The details of the courses and the application process are available in the circular which can be accessed by clicking here. For more details, Mr Parth Vasaniya, the Assistant Director of the Institute, may be contacted on the email address mentioned in the circular.

Sunday, February 6, 2011

AFT has powers of contempt and can take coercive action in case of non-implementation of its orders : Kerala High Court

In a proactive decision, a Division Bench of the Hon’ble Kerala High Court has cleared the fog.

The High Court has held and interpreted that a combined reading of Sections 19 and 25 of the AFT Act and Rule 25 of the statutory AFT Procedure Rules, goes to show that the Tribunal shall very much have the inherent jurisdiction to take coercive action for non-implementation of its orders by treating it as criminal contempt. The High Court has ruled that non-implementation of the final orders of the Tribunal amounts to obstruction and interference with the course of justice, and is hence criminal contempt for which the Tribunal is entitled to initiate prosecution proceedings under Section 19(1) of the AFT Act. Usually, it is the jurisdiction under civil contempt that is invoked by Courts in cases of disobedience of orders and directions.

It may be recalled that while the powers of criminal contempt are explicitly provided to the Tribunal under the Act, there is no mention of civil contempt in the entire statute. The absence of substantive provisions of civil contempt in the AFT Act however appears to be deliberate rather than a mere omission since the Administrative Tribunals Act on the civil side (by which the Central Administrative Tribunals are governed) has granted full powers of civil contempt to CATs and moreover there is a mention of civil contempt in various rules and forms appended with the statutory AFT Rules also albeit without any supporting section in the primary Act, a fact which points to some kind of mischief at the drafting stage wherein the provision which existed in the initial drafts of the AFT Act was deliberately omitted from the final version submitted to the Law Ministry and then to the Parliament. Perhaps the Ministry of Defence knew that non-compliance of the orders would remain a rule rather than an exception. It may be recalled that more than 90% of orders passed by Hon’ble High Courts and Tribunals, especially in pensionary matters, are not implemented till the time a contempt petition is filed.

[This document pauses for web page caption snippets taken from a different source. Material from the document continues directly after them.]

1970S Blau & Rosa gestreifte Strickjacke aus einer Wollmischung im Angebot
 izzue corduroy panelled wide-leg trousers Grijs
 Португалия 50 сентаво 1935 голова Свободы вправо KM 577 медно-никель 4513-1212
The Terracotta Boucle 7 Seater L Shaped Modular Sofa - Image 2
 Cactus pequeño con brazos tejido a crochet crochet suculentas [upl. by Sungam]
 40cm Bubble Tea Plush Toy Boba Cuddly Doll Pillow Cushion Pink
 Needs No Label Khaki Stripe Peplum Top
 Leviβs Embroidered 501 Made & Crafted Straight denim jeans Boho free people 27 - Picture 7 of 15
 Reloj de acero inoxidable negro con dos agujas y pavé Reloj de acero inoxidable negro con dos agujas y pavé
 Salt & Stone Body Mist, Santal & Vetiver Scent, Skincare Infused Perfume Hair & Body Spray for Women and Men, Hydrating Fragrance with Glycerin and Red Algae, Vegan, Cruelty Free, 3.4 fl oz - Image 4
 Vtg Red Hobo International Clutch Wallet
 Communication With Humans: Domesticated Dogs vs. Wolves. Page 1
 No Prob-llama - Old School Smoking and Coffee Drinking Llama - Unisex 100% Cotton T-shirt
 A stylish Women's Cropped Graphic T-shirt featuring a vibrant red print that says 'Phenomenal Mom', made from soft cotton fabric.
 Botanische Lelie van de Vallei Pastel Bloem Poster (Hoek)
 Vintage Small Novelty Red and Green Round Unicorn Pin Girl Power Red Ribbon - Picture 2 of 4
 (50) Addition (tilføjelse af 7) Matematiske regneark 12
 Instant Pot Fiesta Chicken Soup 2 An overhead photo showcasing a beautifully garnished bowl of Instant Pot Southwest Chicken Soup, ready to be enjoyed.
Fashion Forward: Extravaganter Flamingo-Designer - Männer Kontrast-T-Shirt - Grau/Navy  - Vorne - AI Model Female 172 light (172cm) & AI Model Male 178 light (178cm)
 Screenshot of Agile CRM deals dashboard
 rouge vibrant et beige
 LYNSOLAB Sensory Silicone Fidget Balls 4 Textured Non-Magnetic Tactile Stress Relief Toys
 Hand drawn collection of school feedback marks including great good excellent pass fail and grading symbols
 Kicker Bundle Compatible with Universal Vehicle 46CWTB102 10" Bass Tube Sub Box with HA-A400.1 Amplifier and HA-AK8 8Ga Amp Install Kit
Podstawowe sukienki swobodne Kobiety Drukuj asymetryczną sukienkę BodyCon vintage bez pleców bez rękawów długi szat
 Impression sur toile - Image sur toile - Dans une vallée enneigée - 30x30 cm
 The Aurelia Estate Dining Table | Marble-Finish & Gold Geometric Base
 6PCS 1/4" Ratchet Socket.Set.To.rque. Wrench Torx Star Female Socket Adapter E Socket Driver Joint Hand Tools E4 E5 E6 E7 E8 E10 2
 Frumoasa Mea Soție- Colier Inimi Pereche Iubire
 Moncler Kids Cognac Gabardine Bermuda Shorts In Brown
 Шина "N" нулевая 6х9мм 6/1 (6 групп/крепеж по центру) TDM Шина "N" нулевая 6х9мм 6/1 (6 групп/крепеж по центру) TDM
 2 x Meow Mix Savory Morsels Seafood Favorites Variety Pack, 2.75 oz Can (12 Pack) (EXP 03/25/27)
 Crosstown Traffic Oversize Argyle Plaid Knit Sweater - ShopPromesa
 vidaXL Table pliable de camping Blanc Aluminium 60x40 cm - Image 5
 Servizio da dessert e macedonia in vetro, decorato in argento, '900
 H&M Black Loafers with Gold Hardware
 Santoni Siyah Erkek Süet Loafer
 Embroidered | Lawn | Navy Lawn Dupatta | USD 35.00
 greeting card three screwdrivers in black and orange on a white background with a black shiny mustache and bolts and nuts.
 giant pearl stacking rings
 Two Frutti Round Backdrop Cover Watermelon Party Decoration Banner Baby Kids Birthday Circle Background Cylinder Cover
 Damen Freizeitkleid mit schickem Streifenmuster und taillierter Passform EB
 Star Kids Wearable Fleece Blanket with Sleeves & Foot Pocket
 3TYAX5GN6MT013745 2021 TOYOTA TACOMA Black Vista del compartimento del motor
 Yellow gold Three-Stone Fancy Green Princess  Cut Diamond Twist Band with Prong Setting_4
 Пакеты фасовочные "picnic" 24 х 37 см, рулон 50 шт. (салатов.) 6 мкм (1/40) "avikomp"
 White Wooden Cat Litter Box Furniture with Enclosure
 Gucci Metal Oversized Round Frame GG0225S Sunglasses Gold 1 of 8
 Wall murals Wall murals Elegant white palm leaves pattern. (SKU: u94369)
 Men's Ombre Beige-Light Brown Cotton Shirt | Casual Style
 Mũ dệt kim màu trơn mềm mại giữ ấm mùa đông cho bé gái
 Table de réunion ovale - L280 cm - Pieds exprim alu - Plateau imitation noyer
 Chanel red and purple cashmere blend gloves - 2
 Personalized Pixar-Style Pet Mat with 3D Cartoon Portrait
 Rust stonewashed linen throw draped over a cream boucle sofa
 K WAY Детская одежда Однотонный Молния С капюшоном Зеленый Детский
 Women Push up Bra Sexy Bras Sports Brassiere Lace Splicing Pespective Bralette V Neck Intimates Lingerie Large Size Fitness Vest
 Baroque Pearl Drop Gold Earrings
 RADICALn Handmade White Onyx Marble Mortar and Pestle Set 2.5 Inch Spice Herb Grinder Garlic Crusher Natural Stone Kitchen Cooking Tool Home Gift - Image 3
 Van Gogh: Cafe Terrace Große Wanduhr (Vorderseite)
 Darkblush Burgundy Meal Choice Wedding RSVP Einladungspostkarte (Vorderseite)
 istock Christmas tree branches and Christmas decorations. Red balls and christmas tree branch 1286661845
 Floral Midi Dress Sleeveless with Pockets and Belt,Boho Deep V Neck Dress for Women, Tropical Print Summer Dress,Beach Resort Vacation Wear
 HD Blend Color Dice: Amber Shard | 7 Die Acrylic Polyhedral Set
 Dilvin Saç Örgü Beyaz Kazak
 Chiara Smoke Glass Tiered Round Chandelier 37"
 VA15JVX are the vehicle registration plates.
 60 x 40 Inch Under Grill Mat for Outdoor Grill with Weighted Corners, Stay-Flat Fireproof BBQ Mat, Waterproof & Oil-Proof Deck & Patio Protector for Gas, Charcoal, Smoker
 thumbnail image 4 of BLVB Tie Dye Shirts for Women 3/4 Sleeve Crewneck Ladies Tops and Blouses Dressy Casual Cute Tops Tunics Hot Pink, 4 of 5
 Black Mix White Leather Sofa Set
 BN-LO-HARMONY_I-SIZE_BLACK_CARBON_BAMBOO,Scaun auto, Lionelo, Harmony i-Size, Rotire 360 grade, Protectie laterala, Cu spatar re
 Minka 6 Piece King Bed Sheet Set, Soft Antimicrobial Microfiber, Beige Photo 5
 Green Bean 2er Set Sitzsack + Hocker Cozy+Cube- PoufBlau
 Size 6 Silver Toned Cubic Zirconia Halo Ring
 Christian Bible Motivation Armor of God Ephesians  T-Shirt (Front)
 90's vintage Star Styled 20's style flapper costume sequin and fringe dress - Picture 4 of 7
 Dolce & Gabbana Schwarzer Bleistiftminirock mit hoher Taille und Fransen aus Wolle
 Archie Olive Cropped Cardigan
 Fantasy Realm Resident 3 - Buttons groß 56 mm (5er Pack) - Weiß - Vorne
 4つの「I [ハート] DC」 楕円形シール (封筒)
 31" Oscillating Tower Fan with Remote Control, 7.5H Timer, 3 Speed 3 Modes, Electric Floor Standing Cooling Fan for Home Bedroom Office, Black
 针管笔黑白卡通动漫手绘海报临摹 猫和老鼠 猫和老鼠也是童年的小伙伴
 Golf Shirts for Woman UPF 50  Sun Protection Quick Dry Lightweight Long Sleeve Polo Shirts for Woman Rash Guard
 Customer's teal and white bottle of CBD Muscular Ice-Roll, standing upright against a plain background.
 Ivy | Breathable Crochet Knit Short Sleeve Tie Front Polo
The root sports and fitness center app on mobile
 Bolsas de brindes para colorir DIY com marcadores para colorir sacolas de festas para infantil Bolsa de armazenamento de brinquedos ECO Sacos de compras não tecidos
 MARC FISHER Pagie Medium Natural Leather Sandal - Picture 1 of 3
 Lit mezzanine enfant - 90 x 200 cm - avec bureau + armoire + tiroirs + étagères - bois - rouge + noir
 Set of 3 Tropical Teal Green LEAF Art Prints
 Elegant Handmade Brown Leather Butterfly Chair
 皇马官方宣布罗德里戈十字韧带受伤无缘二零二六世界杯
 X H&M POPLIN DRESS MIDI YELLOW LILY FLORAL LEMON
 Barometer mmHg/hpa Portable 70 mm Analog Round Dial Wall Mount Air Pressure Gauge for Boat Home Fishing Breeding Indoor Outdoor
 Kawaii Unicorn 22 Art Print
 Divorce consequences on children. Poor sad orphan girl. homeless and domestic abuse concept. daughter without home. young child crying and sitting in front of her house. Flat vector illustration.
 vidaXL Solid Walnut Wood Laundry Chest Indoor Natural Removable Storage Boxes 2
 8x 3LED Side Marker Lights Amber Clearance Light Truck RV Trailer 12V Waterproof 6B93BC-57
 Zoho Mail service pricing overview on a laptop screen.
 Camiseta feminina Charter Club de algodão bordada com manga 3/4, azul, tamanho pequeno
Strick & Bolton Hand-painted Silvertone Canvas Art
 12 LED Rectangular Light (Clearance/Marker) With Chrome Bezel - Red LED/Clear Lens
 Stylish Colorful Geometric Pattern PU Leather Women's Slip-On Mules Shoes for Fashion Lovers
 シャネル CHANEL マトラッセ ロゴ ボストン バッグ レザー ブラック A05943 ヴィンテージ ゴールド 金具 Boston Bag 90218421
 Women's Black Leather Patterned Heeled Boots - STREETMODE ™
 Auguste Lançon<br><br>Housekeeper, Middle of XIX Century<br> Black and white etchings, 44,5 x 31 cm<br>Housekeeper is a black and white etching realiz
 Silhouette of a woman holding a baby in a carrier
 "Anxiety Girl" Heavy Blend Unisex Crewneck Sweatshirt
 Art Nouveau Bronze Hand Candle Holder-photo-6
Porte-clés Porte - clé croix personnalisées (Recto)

Thursday, February 3, 2011

Pension letter for revision of pre-2006 Territorial Army pensioners and ECOs/SSCOs who retired between 1-1-1996 and 31-12-2005

The pensionary modalities of TA pensioners are different than those of the regular army since the concept of weightage is not applicable to the Territorial Army. This had created major confusion for this category of pensioners after issuance of various pensionary letters by the MoD after the 6th CPC. Even the pensionary stipulation of post-1996 but pre-2006 ECOs/SSCOs required clarification. Such officers with pre-commissioned service are entitled to pension on completion of 12 years of service as against 20 years applicable for other commissioned officers.

The Ministry of Defence has clarified on the subject and the letter can be accessed by clicking here. It is again requested that requests for minute details or calculations may not kindly be directed to me.